Liberty was popular with the public, and she would often “sign” her return correspondence with an inked paw print. People really went berserk for Liberty when she gave birth to nine puppies. Delivery took place in a room on the White House’s third floor, complete with a whelping box with plastic sheets. So many letters started rolling in to the golden’s mailbox that White House staff turned her paw into a more practical rubber stamp.

George H. W. Bush's English Springer Spaniel

Millie Bush was a multifaceted pet and especially well-behaved around people. Giving birth to six puppies made her so popular with the media that she ended up on the cover of LIFE magazine with First Lady Barbara Bush. The First Lady later dictated the best-selling Millie’s Book for children, which was credited to the English springer spaniel and reportedly outsold Barbara Bush’s own autobiography.
That was her good side. Beneath that adorable coat of fluff was a bloodthirsty hunter who had already honed her craft while residing at the Naval Observatory. Reagan, the outgoing president before Bush, jokingly set up a “Beware of Dog” sign near the Oval Office, but he didn’t know the half of it. Within a matter of months, four squirrels, three rats, and a pigeon fell victim to her savagery.

George W. Bush's Scottish Terrier

Barney the Scottish terrier gave Americans a (literally) ground-floor view of the White House goings-on. What started as a perspective of the December 2002 Christmas party from the dog’s point of view morphed into a full-on website for the First Dog, and “Barney Cam” became something of a holiday tradition.

Bo & Sunny
Barack Obama's Portuguese Water Dogs

The Obamas expressed a desire for a Portuguese water dog because of the breed’s hypoallergenic qualities, accounting for daughter Malia’s allergies. Bo was a gift from Senator Ted Kennedy. In 2009, the White House unveiled a baseball card for Bo that included some impressive statistics. Namesake? Singer Bo Diddley, and also a cat belonging to Sasha and Malia’s cousin. Goal as First Dog? Make friends with foreign dignitaries. Favorite food? Tomatoes.

Champ & Major
Joe Biden's German Shepherds

Champ served two stints in the White House, both during Joe Biden’s vice presidency and during his current presidency.

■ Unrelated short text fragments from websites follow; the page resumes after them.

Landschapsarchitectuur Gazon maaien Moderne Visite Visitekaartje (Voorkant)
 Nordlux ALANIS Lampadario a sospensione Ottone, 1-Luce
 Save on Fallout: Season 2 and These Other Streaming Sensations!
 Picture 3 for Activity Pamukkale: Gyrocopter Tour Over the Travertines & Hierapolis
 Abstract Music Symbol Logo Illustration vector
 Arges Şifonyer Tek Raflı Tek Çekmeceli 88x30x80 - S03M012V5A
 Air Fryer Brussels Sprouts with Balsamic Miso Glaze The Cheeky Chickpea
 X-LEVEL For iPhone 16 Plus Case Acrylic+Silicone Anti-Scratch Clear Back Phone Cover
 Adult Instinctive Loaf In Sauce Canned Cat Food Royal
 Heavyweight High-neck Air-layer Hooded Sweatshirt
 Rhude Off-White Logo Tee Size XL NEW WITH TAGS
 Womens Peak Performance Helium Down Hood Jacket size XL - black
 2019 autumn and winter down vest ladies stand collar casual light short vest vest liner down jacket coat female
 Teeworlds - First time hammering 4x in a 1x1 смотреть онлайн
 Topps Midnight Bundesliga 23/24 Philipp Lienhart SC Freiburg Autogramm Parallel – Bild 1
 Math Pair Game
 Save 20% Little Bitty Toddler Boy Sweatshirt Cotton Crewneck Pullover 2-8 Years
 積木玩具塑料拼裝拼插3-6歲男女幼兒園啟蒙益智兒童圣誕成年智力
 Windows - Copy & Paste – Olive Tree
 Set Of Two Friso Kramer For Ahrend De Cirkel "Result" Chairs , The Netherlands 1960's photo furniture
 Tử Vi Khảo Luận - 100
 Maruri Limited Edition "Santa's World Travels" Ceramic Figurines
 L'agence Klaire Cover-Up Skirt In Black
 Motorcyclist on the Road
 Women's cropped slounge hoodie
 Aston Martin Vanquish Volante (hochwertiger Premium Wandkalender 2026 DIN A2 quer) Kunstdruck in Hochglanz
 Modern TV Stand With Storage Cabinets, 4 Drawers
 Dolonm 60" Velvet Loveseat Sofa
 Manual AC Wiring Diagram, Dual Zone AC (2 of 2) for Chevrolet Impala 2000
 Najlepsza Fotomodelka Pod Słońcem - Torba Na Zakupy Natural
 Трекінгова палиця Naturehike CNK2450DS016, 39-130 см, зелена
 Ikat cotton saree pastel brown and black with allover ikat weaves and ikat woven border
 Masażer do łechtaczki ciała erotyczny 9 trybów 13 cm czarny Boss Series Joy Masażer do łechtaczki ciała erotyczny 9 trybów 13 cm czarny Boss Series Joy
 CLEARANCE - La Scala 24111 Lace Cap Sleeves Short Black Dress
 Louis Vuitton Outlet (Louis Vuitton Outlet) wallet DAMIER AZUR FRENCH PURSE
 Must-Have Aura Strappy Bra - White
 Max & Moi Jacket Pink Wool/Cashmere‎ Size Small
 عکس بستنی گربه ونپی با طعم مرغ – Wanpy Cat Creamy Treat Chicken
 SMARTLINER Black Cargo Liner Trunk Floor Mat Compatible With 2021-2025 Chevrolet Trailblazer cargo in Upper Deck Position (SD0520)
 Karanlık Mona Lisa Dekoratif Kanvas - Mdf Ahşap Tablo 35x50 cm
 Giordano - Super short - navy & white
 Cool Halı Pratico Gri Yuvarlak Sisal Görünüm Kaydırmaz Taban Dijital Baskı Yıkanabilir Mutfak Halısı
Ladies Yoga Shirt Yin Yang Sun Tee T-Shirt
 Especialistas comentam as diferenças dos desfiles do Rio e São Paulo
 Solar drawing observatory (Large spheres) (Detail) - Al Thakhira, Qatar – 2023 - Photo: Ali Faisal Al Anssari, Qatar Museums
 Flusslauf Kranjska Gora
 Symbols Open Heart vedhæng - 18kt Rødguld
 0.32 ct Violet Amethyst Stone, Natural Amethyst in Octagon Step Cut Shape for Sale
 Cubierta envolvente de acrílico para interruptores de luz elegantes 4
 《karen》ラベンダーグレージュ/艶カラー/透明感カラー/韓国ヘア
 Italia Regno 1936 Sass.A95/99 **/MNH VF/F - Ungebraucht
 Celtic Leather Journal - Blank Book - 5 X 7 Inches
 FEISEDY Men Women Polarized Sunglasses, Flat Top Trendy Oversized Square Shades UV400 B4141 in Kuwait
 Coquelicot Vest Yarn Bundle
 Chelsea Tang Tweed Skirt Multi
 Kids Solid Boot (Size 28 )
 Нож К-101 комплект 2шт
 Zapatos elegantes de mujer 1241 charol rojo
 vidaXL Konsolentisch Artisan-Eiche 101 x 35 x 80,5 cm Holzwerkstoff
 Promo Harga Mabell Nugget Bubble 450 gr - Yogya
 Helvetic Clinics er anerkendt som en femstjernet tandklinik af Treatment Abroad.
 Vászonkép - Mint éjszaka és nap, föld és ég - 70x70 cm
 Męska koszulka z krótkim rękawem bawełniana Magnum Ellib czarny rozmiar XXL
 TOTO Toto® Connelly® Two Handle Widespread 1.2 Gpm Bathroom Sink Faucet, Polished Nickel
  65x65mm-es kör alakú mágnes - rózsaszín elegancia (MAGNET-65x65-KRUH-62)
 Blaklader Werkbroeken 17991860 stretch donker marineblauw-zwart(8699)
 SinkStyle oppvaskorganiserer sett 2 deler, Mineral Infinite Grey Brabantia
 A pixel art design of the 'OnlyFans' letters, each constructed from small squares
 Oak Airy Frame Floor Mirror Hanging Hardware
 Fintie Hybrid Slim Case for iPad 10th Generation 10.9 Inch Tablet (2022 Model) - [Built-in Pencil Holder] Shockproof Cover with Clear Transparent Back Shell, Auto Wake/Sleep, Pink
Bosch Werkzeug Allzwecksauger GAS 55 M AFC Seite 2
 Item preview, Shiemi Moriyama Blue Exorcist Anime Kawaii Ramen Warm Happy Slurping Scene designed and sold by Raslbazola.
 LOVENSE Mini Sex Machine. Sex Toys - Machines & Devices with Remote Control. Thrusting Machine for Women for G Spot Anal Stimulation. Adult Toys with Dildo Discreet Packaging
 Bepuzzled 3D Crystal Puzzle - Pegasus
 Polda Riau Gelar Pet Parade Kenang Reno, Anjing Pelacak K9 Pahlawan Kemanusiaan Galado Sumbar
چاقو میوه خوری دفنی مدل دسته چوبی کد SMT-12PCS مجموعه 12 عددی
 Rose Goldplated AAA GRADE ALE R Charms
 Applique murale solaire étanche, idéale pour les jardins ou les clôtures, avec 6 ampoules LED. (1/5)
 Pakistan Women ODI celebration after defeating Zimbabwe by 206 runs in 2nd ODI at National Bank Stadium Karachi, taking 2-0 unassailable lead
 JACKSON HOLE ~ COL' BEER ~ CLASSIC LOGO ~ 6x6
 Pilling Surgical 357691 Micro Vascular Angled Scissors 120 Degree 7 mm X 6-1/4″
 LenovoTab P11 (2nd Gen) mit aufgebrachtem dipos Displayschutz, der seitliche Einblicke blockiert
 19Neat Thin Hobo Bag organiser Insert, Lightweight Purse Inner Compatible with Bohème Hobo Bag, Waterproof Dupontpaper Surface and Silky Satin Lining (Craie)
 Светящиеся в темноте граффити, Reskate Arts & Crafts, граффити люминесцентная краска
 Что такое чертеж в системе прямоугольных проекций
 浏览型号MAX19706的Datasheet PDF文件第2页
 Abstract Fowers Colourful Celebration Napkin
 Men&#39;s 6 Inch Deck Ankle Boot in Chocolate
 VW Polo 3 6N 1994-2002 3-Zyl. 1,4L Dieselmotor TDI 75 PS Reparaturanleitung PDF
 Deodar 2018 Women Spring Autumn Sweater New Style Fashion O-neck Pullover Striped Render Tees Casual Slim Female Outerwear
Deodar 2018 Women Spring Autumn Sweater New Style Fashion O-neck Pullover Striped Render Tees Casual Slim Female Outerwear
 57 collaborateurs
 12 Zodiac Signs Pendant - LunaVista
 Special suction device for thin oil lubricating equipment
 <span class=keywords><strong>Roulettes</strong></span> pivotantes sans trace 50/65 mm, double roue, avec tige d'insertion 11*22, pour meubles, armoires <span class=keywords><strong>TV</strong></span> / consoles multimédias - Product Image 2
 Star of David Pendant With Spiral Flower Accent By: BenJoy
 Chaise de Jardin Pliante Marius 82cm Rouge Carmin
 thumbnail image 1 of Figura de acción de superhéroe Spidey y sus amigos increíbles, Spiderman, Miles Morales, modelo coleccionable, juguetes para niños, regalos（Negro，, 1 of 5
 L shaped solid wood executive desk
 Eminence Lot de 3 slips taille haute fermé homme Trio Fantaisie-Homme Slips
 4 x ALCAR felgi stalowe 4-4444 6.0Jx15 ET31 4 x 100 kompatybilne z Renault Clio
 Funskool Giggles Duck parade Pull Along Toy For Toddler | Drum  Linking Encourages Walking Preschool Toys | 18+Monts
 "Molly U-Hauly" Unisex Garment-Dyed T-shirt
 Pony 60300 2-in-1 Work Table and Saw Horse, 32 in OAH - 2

Biden trained previous German shepherds prior to welcoming Champ into the family, and said that his dog’s name reminded him of a saying his father often used: “Any time you get knocked down, Champ, get up!” Champ passed away on June 19, 2021 at the age of 13, leaving the role of First Dog solely to Major, another shepherd. Major is a rescue dog, fostered into the Biden’s care through the Delaware Humane Association shelter after the puppy’s litter was exposed to “something toxic” and the original owners could not afford the necessary veterinary care. Major has had a bit of an issue with biting, but he’s in good company; FDR’s German shepherd, also named Major, bit both a US Senator and the UK Prime Minister.